When Senator Edward Kennedy is buried there Saturday on a hill overlooking Washington, his remains will be interred near those of his brothers John and Robert. He will also join 260,000 others whose resting places are marked with row upon row of simple white crosses and occasional Stars of David.

Heroes from the Revolution on

Arlington became a military cemetery during the Civil War when a home and property owned by Confederate General Robert E. Lee was seized and turned into a burial ground. Since 1864, veterans from the Revolutionary War through the current conflicts in Iraq and Afghanistan have been laid to rest in its 612 acres of carefully manicured lawns. Pre-Civil war veterans were reinterred after 1900.

Nearly 4 million visitors come to see Arlington each year. Some are drawn by President Kennedy’s gravesite on the hill near the Custis-Lee Mansion. Others seek out the Tomb of the Unknowns, guarded around the clock by the 3rd US Infantry (The Old Guard).
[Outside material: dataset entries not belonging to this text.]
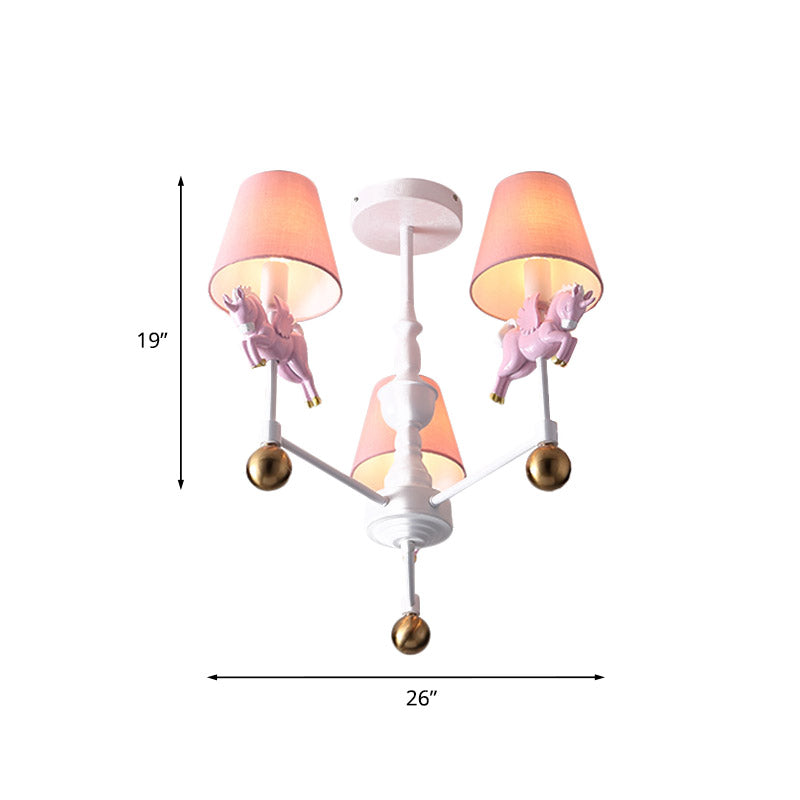 Unicorn Girl's Room Chandelier Resin 3/5-Head Kids Hanging Light in White with Pink Cone Shade Clearhalo 'Ceiling Lights' 'Chandeliers' Lighting' options 858927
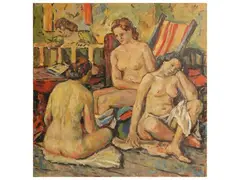 Bathers 1950 by Arrigo Dreoni, oil on canvas, offered Nov 2025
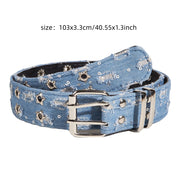 [Punk Star Belt] Black Punk Style Star Embellished Double Buckle Waist Belt | Regular Size for Casual, Party & Casual Attire with Metallic Hardware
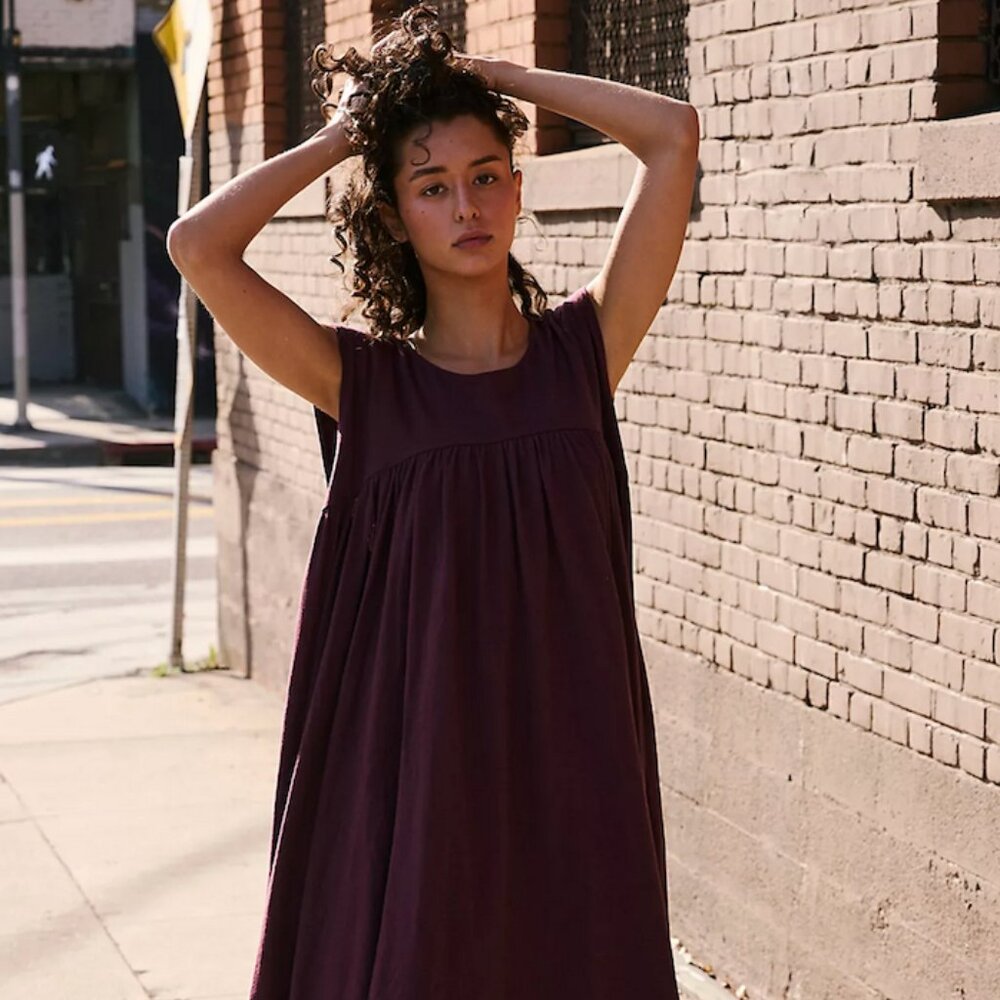 Free People Beach Madelyn Midi In Chocolate Merlot
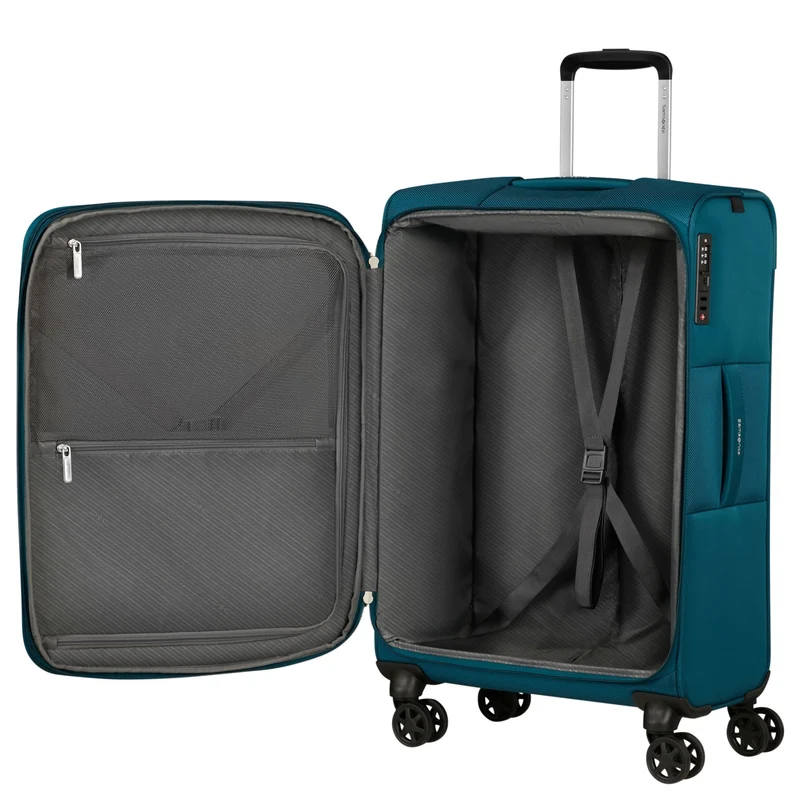 Samsonite Base Breeze - Trolley de 4 ruedas 67 cm expandible (petrol blue)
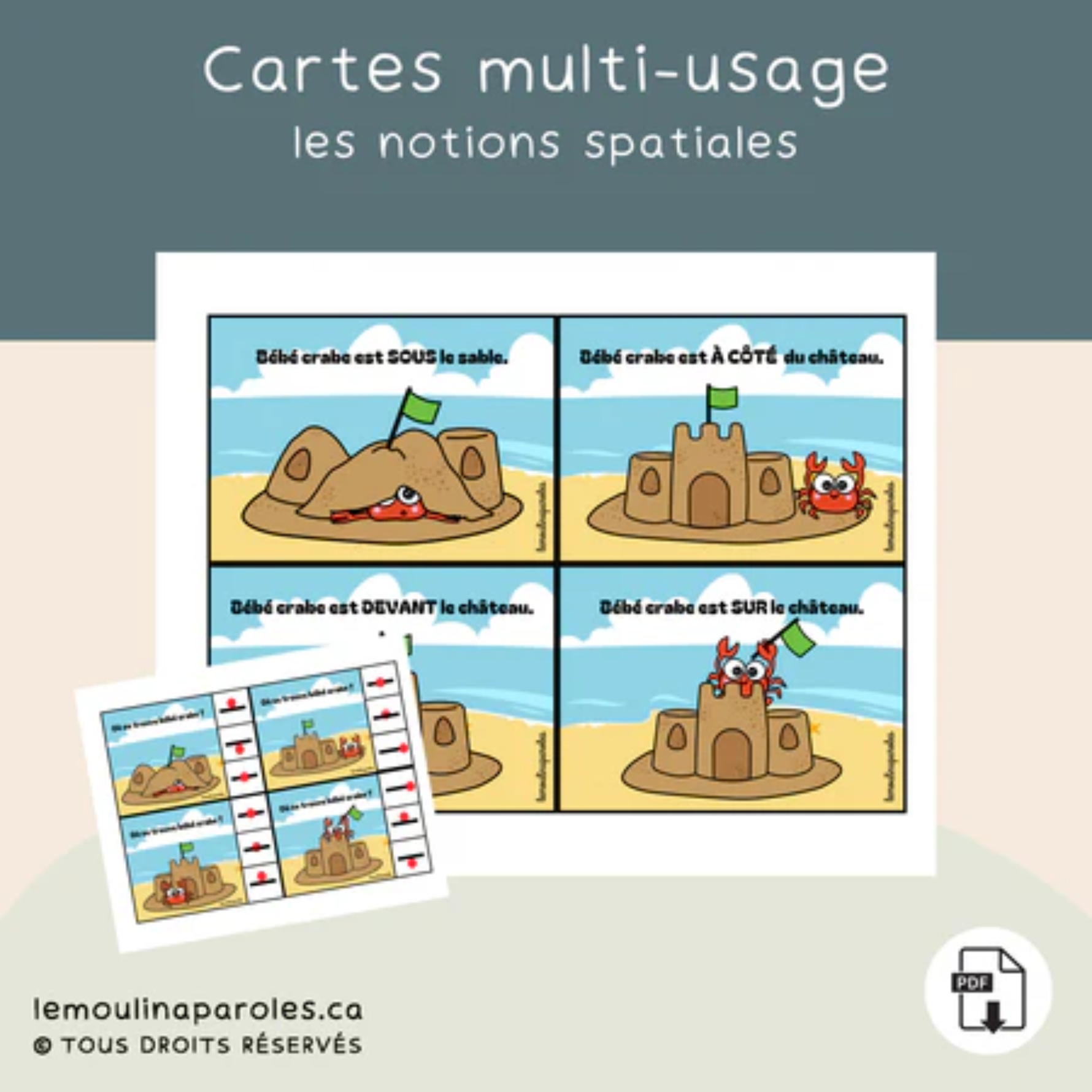 Trousse langage à la plage avec activités éducatives imprimables pour enfants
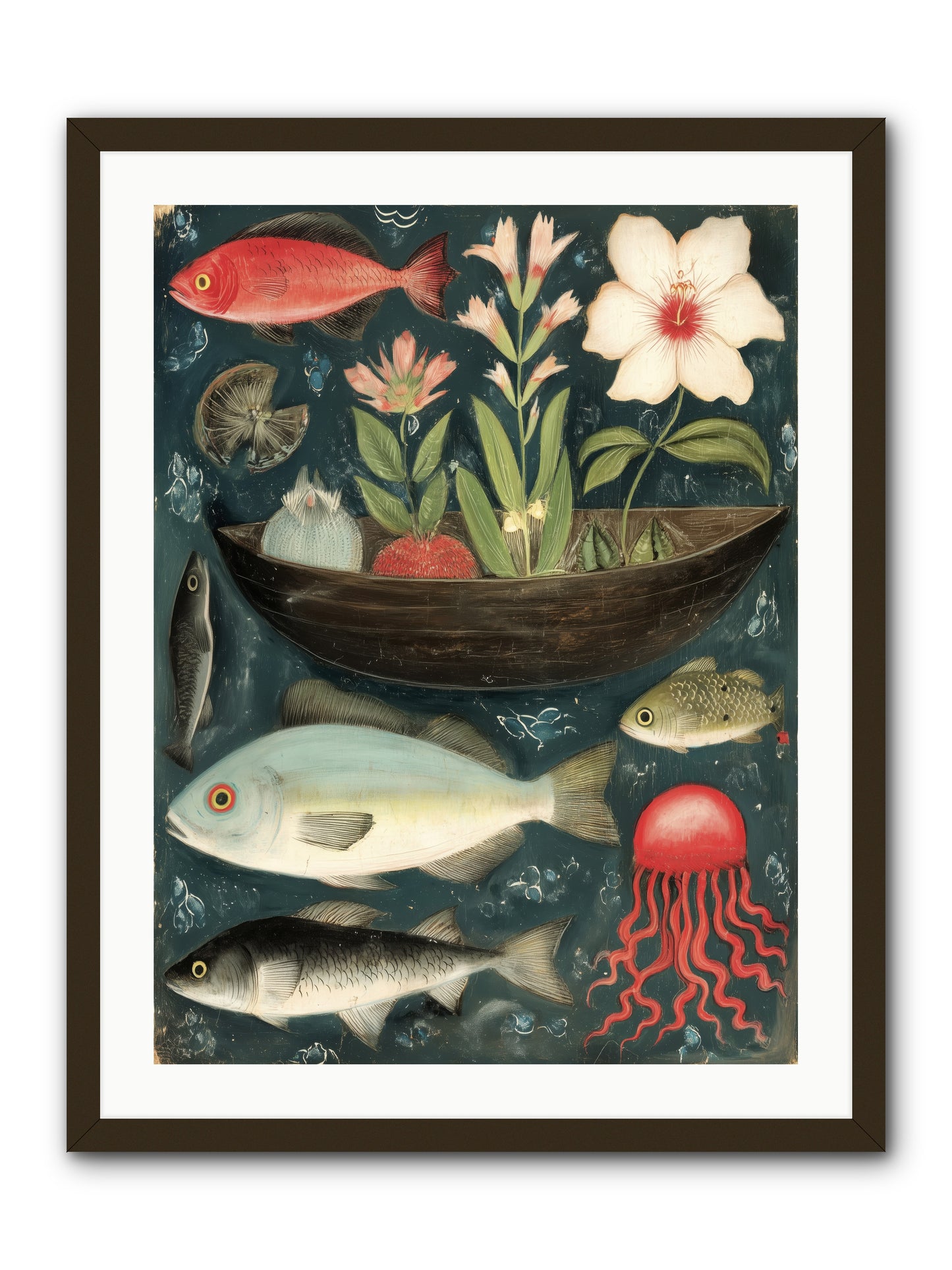 Deep Blue Diary -- Framed Print - Black 24x32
Arlington contains the graves of the famous including two US presidents (Kennedy and William Howard Taft). It is also home to four Chief Justices and eight Associate Justices of the Supreme Court. Nineteen astronauts are interred, along with five of the nation’s five star generals and admirals. The first female military pilot killed in combat rests there as does the only women correspondent killed during the Korean War.